**What is needed:** I would like the lines below, from the one with "Alexa Host Vallecas" through the one with "گردوغبار همچنان بر سیمای بجنورد تکیه زده است", copied exactly and without any pictures.

[Opening Task data section]

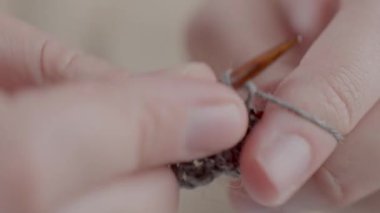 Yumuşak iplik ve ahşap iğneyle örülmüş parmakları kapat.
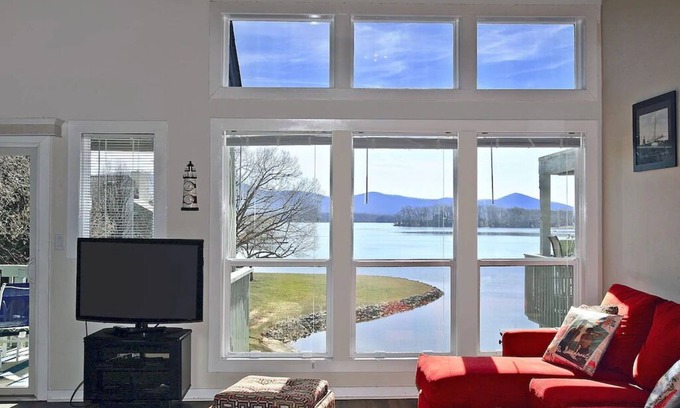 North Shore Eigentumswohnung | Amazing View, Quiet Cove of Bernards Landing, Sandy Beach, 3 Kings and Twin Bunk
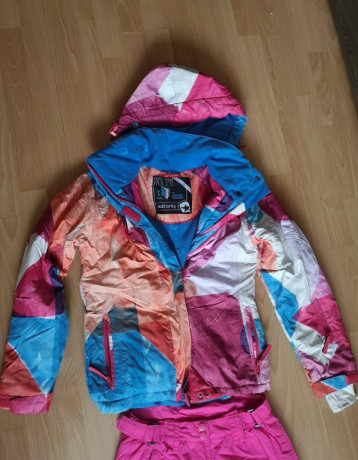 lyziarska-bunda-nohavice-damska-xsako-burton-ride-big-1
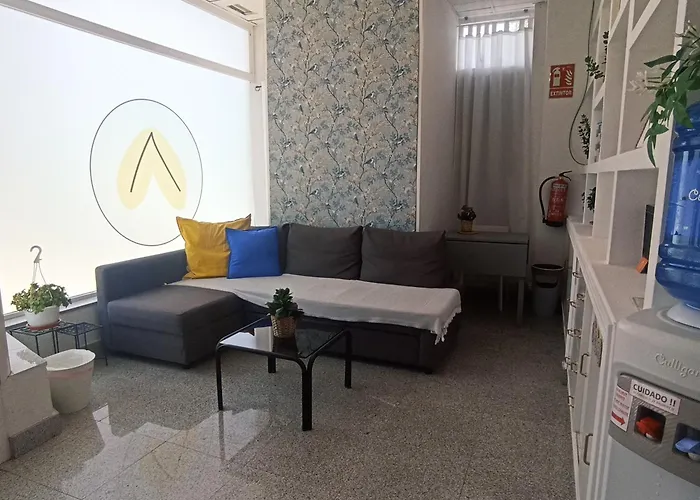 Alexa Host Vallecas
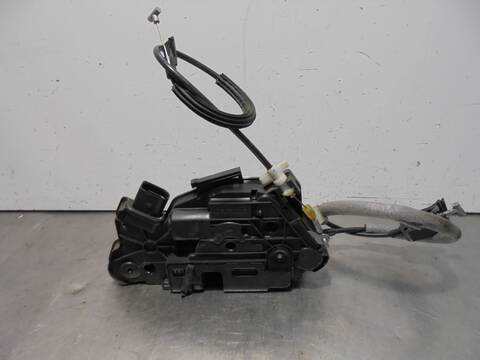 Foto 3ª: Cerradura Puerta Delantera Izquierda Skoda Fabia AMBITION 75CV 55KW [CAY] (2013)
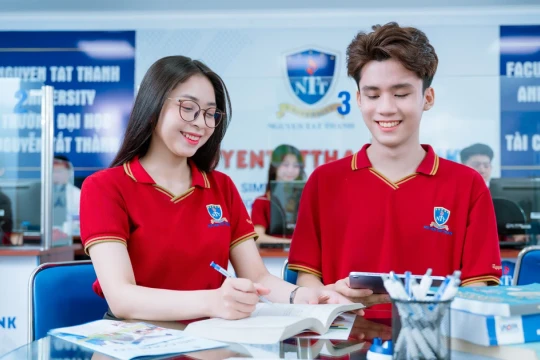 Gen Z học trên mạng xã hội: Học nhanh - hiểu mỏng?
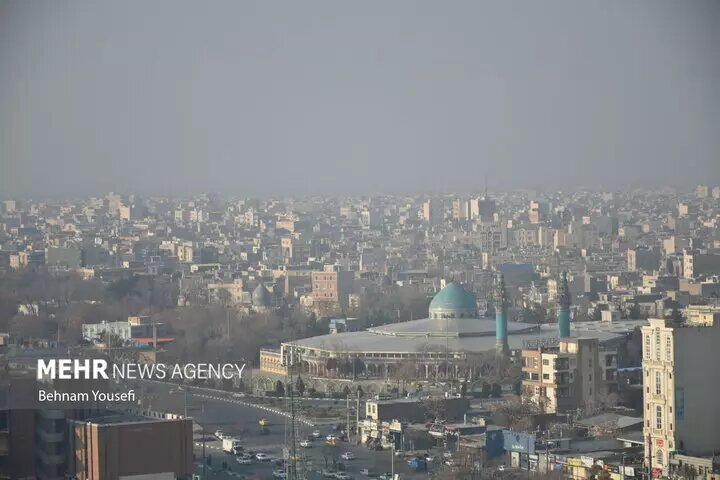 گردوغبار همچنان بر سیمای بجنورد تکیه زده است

[Closing Task data section]
[Opening Task data section]

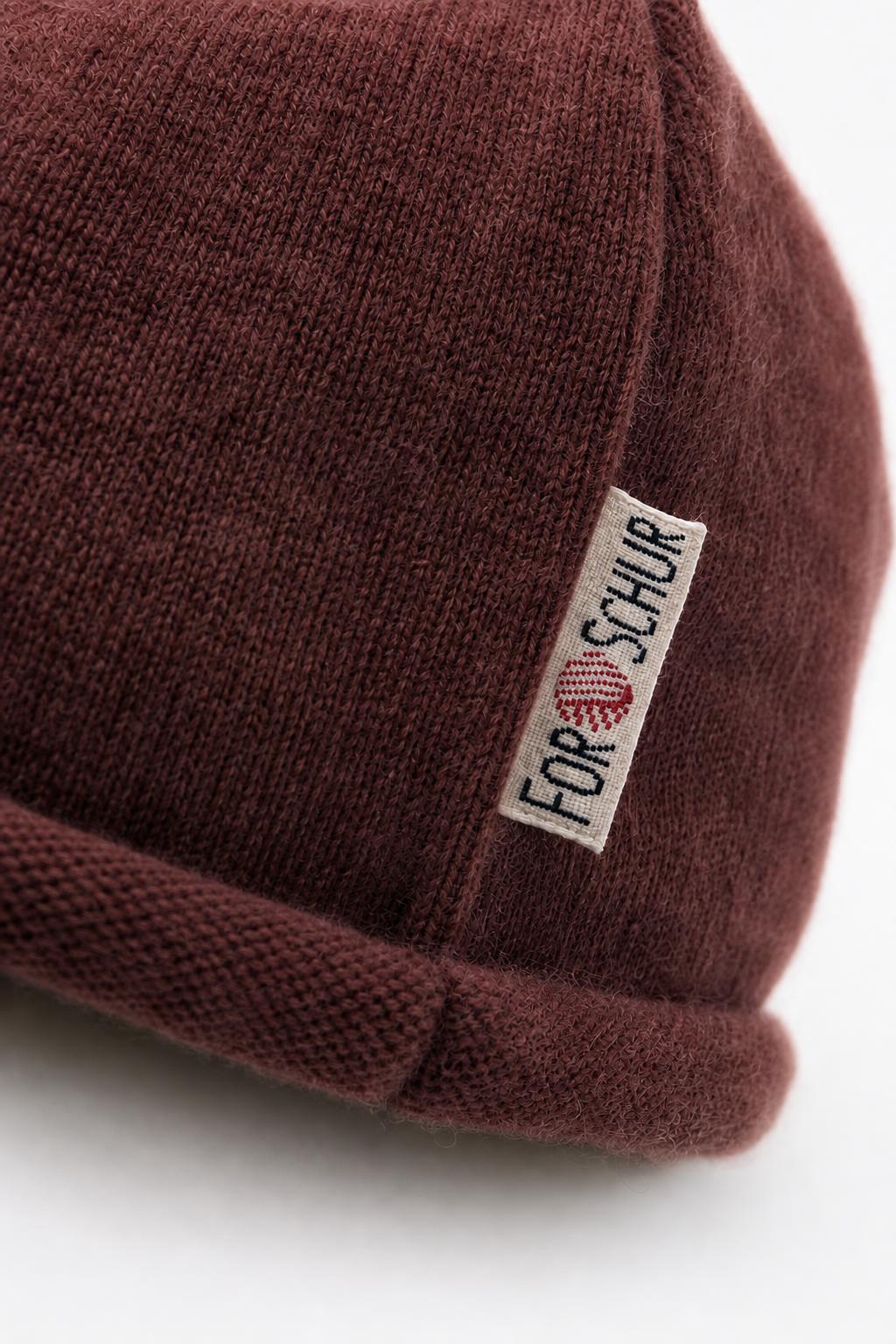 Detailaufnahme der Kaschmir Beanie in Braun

[Closing Task data section]

**Expected answer:**
 Alexa Host Vallecas
 Foto 3ª: Cerradura Puerta Delantera Izquierda Skoda Fabia AMBITION 75CV 55KW [CAY] (2013)
 Gen Z học trên mạng xã hội: Học nhanh - hiểu mỏng?
 گردوغبار همچنان بر سیمای بجنورد تکیه زده است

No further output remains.